Iziko Museums of South Africa is hosting the first major South African exhibition of the work by Moses Tladi (1903–1959) at the National Arts Festival in Grahamstown until July 10, after its debut at the Iziko South African National Gallery in Cape Town.
The exhibition at the Albany History Museum, entitled Moses Tladi Unearthed, will provide the visitor with an exceptional opportunity to view the work of this enigmatic artist.
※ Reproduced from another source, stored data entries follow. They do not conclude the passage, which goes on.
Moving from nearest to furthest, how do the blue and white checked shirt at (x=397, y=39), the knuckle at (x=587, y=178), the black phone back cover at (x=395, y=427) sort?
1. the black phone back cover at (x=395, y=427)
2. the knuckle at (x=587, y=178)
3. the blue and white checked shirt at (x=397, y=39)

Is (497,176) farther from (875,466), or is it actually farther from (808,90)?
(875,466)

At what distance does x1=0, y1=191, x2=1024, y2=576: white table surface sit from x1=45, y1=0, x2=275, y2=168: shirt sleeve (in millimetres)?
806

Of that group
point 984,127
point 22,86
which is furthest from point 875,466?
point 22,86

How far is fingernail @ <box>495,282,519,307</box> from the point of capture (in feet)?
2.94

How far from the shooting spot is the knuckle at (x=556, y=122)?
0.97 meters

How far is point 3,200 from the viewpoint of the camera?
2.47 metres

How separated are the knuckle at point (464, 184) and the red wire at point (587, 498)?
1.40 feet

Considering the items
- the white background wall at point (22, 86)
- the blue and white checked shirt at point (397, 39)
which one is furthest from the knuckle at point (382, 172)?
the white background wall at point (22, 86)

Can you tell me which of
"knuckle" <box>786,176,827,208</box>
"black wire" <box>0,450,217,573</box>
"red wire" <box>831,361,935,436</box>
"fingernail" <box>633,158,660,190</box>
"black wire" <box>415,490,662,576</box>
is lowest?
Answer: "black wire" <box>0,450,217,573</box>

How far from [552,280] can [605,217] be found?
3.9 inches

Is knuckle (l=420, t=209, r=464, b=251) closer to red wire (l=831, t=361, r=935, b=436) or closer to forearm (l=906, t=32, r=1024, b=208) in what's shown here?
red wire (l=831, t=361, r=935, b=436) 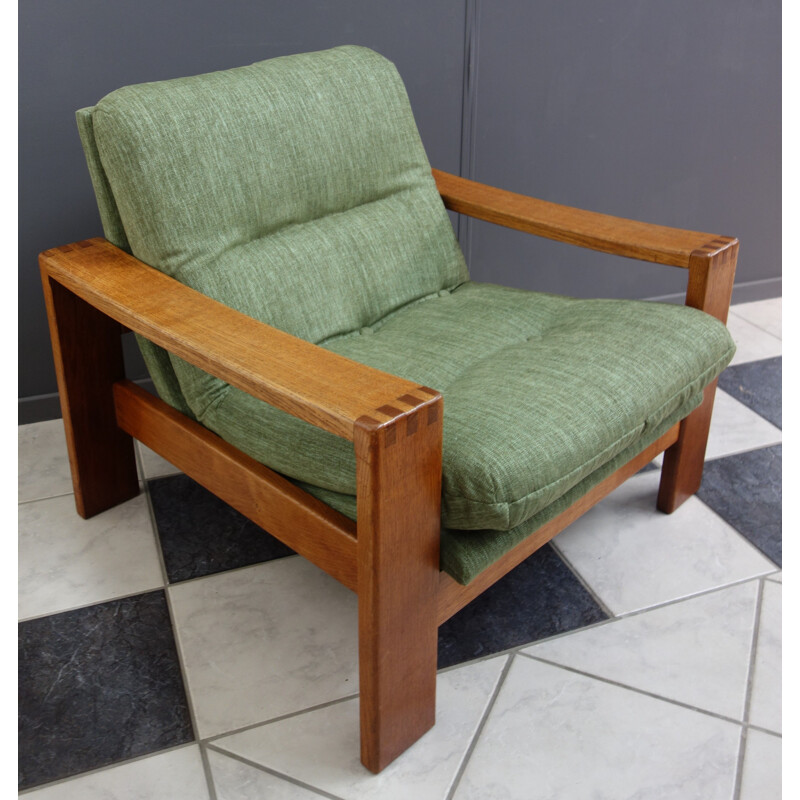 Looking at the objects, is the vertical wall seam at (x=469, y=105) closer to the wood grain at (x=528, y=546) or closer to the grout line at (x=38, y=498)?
the wood grain at (x=528, y=546)

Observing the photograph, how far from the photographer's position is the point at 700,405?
178 centimetres

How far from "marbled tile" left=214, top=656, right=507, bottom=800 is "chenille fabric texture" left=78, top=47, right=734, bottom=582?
291mm

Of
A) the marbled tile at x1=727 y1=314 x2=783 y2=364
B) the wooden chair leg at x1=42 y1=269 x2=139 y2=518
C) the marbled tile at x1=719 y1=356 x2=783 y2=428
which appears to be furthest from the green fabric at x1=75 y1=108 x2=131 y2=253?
the marbled tile at x1=727 y1=314 x2=783 y2=364

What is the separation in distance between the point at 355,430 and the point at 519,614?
27.2 inches

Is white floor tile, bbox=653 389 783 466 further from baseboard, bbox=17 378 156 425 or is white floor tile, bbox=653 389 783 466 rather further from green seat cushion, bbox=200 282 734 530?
baseboard, bbox=17 378 156 425

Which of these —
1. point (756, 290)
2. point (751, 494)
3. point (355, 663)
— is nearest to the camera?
point (355, 663)

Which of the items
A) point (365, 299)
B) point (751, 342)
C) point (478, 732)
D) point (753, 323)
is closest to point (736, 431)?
point (751, 342)

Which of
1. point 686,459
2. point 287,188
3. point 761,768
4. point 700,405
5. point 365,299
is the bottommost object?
point 761,768

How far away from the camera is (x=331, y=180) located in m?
1.70

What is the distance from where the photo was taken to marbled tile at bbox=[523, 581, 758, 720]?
1471 millimetres

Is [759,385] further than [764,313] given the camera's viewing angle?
No

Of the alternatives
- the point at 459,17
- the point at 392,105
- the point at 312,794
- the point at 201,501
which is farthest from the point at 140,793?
the point at 459,17

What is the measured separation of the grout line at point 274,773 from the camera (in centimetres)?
129

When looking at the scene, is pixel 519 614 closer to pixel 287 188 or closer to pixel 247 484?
pixel 247 484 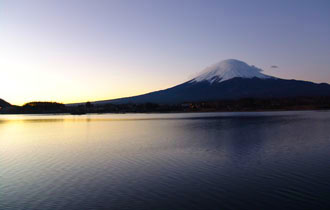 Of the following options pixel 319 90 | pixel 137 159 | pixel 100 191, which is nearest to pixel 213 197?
pixel 100 191

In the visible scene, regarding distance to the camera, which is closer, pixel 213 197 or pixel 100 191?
pixel 213 197

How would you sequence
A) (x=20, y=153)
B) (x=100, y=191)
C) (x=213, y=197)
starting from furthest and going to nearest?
(x=20, y=153)
(x=100, y=191)
(x=213, y=197)

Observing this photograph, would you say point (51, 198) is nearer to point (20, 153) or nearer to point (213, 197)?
point (213, 197)

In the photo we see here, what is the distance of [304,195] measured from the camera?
9.91 metres

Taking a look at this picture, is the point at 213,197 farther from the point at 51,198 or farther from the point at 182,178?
the point at 51,198

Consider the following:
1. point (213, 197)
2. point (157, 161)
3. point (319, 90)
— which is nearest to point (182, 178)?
point (213, 197)

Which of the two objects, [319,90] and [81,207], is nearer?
[81,207]

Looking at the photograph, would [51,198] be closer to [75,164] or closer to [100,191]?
[100,191]

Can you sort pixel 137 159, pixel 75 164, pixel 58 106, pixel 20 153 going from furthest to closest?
pixel 58 106 → pixel 20 153 → pixel 137 159 → pixel 75 164

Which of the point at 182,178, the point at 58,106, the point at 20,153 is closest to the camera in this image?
the point at 182,178

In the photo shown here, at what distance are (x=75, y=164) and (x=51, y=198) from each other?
20.2 feet

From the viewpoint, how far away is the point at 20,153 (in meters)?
21.0

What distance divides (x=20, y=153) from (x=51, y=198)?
41.1ft

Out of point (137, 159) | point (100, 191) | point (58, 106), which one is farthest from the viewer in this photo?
point (58, 106) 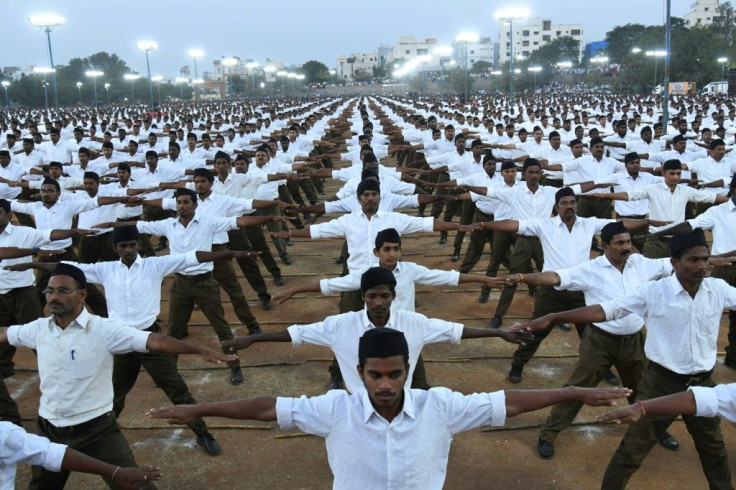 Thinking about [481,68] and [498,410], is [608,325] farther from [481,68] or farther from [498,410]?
[481,68]

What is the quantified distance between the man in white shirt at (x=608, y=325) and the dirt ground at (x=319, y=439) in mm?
282

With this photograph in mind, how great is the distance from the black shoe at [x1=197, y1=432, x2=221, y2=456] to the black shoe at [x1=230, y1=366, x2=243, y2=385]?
1266mm

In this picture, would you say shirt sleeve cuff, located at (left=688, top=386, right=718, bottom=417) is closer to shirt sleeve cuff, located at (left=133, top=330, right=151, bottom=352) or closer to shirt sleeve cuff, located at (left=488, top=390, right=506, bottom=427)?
shirt sleeve cuff, located at (left=488, top=390, right=506, bottom=427)

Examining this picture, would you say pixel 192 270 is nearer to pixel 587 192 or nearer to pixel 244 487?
pixel 244 487

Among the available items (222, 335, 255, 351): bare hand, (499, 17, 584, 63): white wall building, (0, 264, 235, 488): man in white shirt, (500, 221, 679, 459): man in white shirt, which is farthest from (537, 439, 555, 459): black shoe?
(499, 17, 584, 63): white wall building

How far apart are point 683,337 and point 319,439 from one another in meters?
2.93

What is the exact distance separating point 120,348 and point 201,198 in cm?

Cited as the first black artist to have exhibited formally in South Africa, Tladi developed a reputation as a realist landscape painter.
During his lifetime, he was the first black artist to exhibit at the South African National Gallery, soon after the present building was opened, first in 1931 and then in 1933.
At the Grahamstown Arts and Craft Festival Exhibition in March 1932, Tladi won the first and second prizes in the open section for landscape and seascape painting. Thus, the exhibition being presented in Grahamstown can be regarded as his second homecoming.
Moses Tladi Unearthed features approximately 30 paintings by Tladi, sourced from institutional and personal collections in South Africa and overseas. An “in context” approach showcasing other artists who worked in a similar vein, or at the same time, are also included. This survey of the artistic career of the largely unknown Tladi, brings greater insight into Tladi, in his time and place.
This exhibition is a tribute to a man who pursued his love for painting despite the difficult socio-economic conditions and hardships of his time, and re-introduces the public to this accomplished painter.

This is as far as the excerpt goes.